Die Geschichte Rügens (7. bis 15. Jahrhundert)

Während der Zeitspanne zwischen dem 7. bis 15. Jahrhundert wurde Rügen, die größte deutsche Insel, von diversen Ereignissen kulturell wie politisch geprägt und verändert.

Die Ranen verdrängen die Rugier

Nachdem die Rugier, die als Namenspatronen der Kreidefelseninsel gelten, im Zuge der Völkerwanderung bis ins 6. Jahrhundert hinein verlassen hatten, siedelte sich anschließend der Slawenstamm der Ranen nieder. Die Ranen waren ein kriegerisch orientiertes Seefahrervolk, das die folgenden Jahrhunderte Rügens entscheidend veränderte. Während unter der Herrschaft der Ranen große architektonische Kulturschätze errichtet wurden, beuteten die Herren der Insel benachbarte Küstenstriche der Ostsee aus und betrieben regen Handel.

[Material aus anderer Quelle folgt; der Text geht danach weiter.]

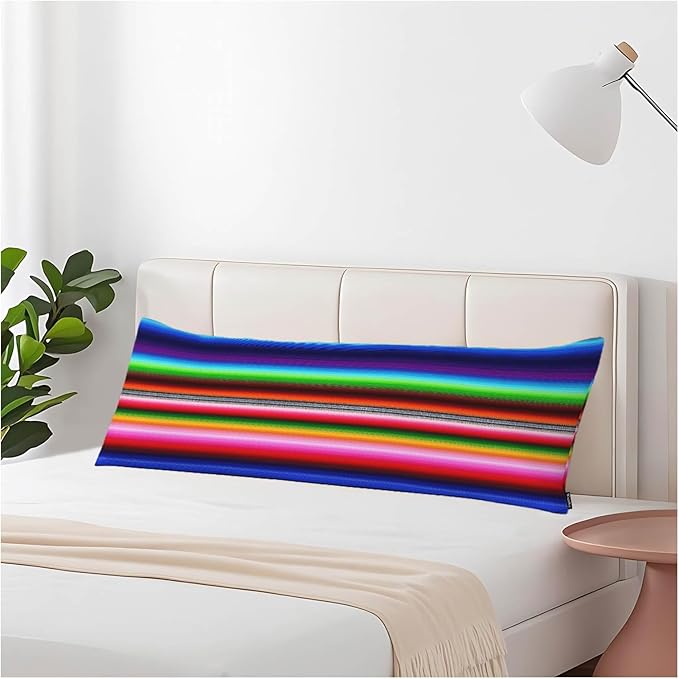 Mexican Boho Body Pillow Covers for Adults, Mexican Blanket Stripes Colorful Sleeper Pillow Covers Lumbar Body Cushion Cover 20"X54" Body Pillowcase for Home Bedroom Office Hotel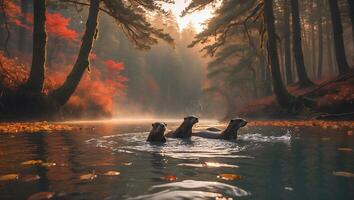 Otters Swimming in Autumn River with Colorful Forest at Sunrise photo
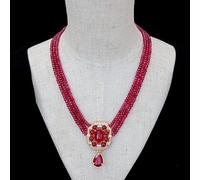 BIANMTSW 3 Strands Red Jade Pave Red Crystal Pendant Women Collar Choker Necklace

König Waldemar I. erobert Rügen

Die Eigenständigkeit und Autonomie der Ranen wurde von dänischer Seite und durch die Gründung des Herzogtums Pommern jedoch nach und nach eingeschränkt. Im Jahre 1168 gipfelte diese Entwicklung in der Eroberung Rügens durch den dänischen König Waldemar I., der durch die Unterstützung Mecklenburgs und Pommerns die Insel einnahm und eines der Wahrzeichen der Ranen, den Svantovit-Tempel am Kap Arkona, zerstörte.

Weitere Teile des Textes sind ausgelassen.